2. Write Alembic migration for Procrastinate schema. Run it locally.
3. Move stub services into their `app/outbound` directories
4. Create `app/tasks.py` with the `procrastinate_app` instance and the `generate_adventure_entry` task.
5. Create `app/worker_main.py`.
6. Modify `app/main.py`: remove `worker_loop`, add `procrastinate_app.open_async()` to lifespan.
7. Modify `app/routers/api/adventures.py`: replace `worker.enqueue(...)` with `tasks.generate_adventure_entry.defer_async(...)`.
8. Add `worker` service to all four compose files.
9. Run the test suite: `docker compose -f docker-compose.test.yml up --build --wait -d && pytest`.

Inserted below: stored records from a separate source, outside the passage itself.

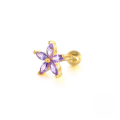wholesale S925 Sterling Silver Stylish Five-petal Flower Colorful Zircon Accent Threaded Ear Stud-0-3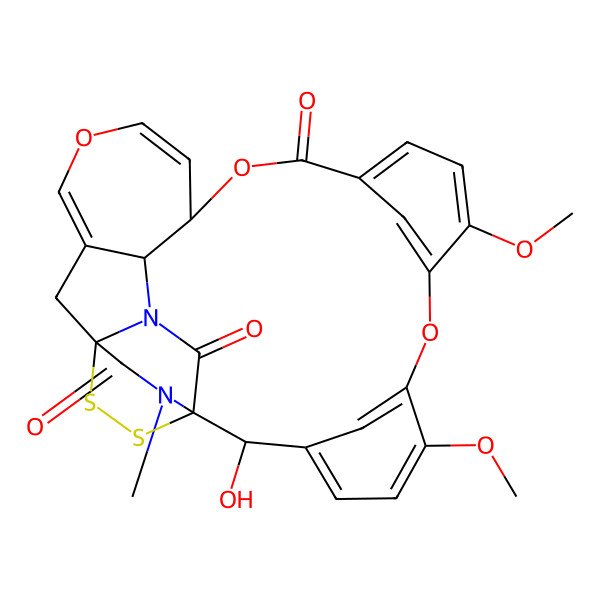 2D Structure of 23-Hydroxy-15,19-dimethoxy-28-methyl-6,10,17-trioxa-25,26-dithia-2,28-diazaheptacyclo[22.2.2.11,4.12,24.112,16.118,22.03,9]dotriaconta-4,7,12(31),13,15,18,20,22(30)-octaene-11,27,29-trione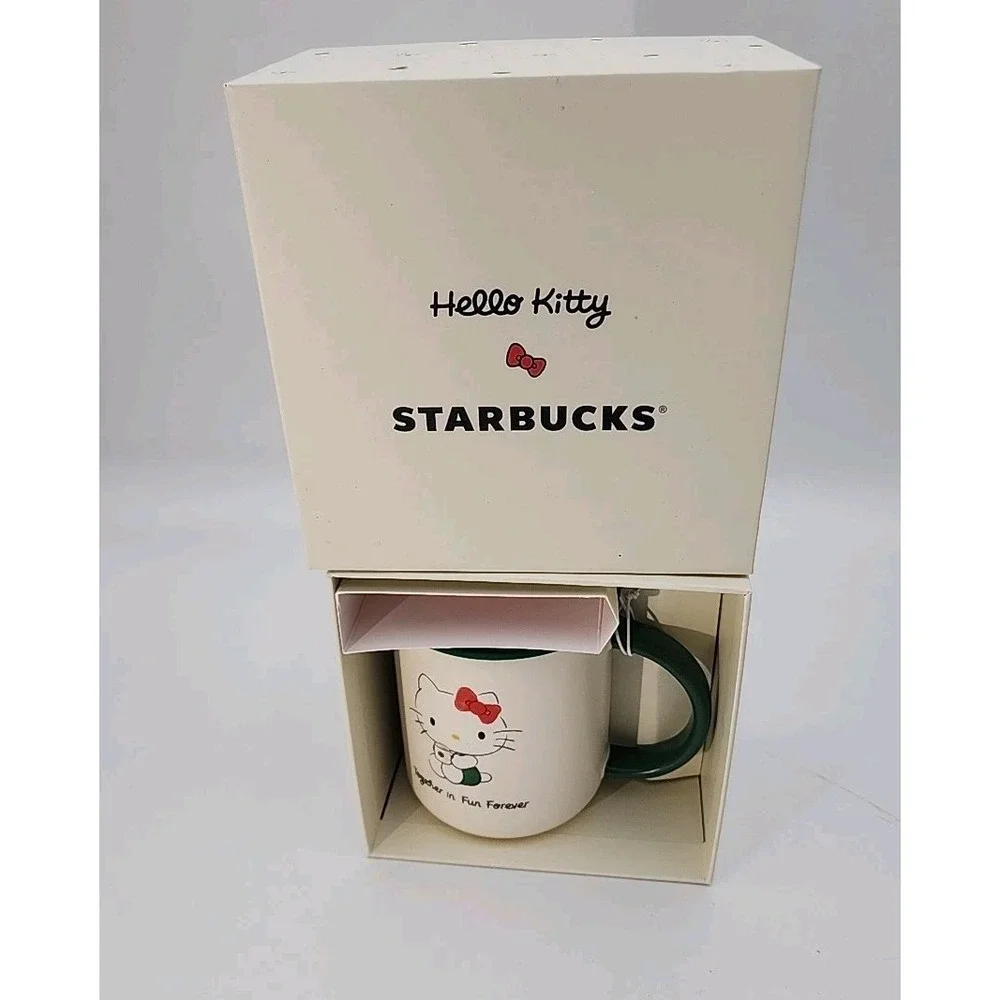 STARBUCKS x HELLO KITTY Ceramic Bow Top 16oz Mug -‎ Together In Fun Forever-NIB
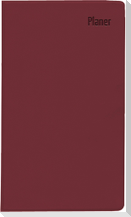 Taschenplaner Leporello PVC bordeaux 2025 - Bürokalender 9,5x16 cm - 1 Monat auf 1 Seite - separates Adressheft - faltbar - Notizheft - 501-1011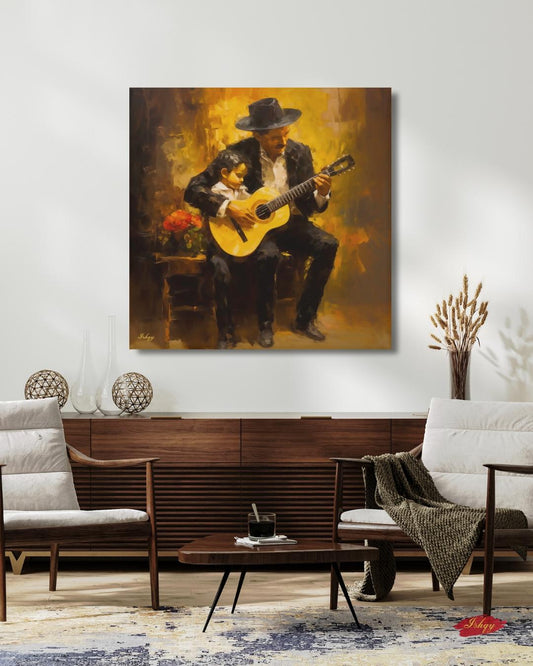 Mexican Mariachi Guitarist Art, Ranchera Music Wall Art Canvas, Charro Guitar Painting, Latin Folk Artwork for Living Room Decor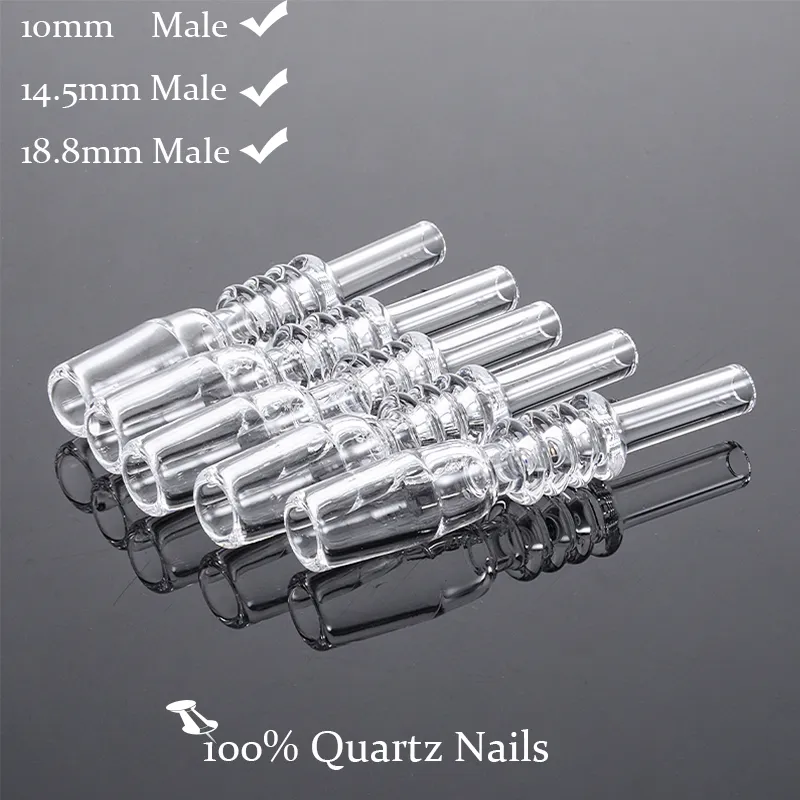 En gros 10mm 14mm 18mm Mâle Joint Droit 100% Quartz Ongles Fumeurs Accessoires Pour Mini Nectar Collector Banger Nail Quartz Conseils GQB19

10. Delete `app/worker.py`.
Steps 14 can be done before touching the API, so the migration can be tested end-to-end before cutting over.
---
## Open Questions
1. [ANSWERED] As mentioned above, so this small refactor, it makes sense. **Stub client placement.** The stub classes inside `adventures.py` need to be reachable from `tasks.py`. The proposal above lazy-imports them; the cleaner fix is to extract them to `app/outbound/stubs.py`. Doing this in the same PR keeps scope small but is worth doing if it avoids the circular-import smell.
2. **Worker concurrency.** `concurrency=4` is a placeholder. Adventure pipeline jobs are I/O-heavy (network calls), not CPU-heavy, so higher concurrency is fine. Tune based on Anthropic/DeepL API rate limits.
3. **Procrastinate schema management.** Procrastinate has its own versioned migration system (separate from Alembic). When upgrading Procrastinate in future, run `procrastinate schema --app=app.tasks.procrastinate_app migrate` (or wrap it in an Alembic migration). Don't forget this step.
4. **Observability.** Procrastinate emits structured log lines per job. These will appear in Loki automatically. A future improvement would be to add the `job_id` to the OpenTelemetry trace context inside `generate_adventure_entry`.
---
## Future: Scheduled Jobs (News Digest)
With Procrastinate in place, cron-style jobs are first-class citizens. Once `tasks.py` exists, adding a nightly job is:
```python
@procrastinate_app.periodic(cron="0 2 * * *") # 2am daily UTC
async def generate_nightly_news_digest() -> None:
async with AsyncSessionLocal() as db:
await NewsDigestService(db, ...).run()
```
The worker process runs periodic tasks automatically; no additional scheduler container is needed. Procrastinate tracks the last fire time in the `procrastinate_periodic_defers` table, so missed runs (e.g. worker was down) fire once on the next startup.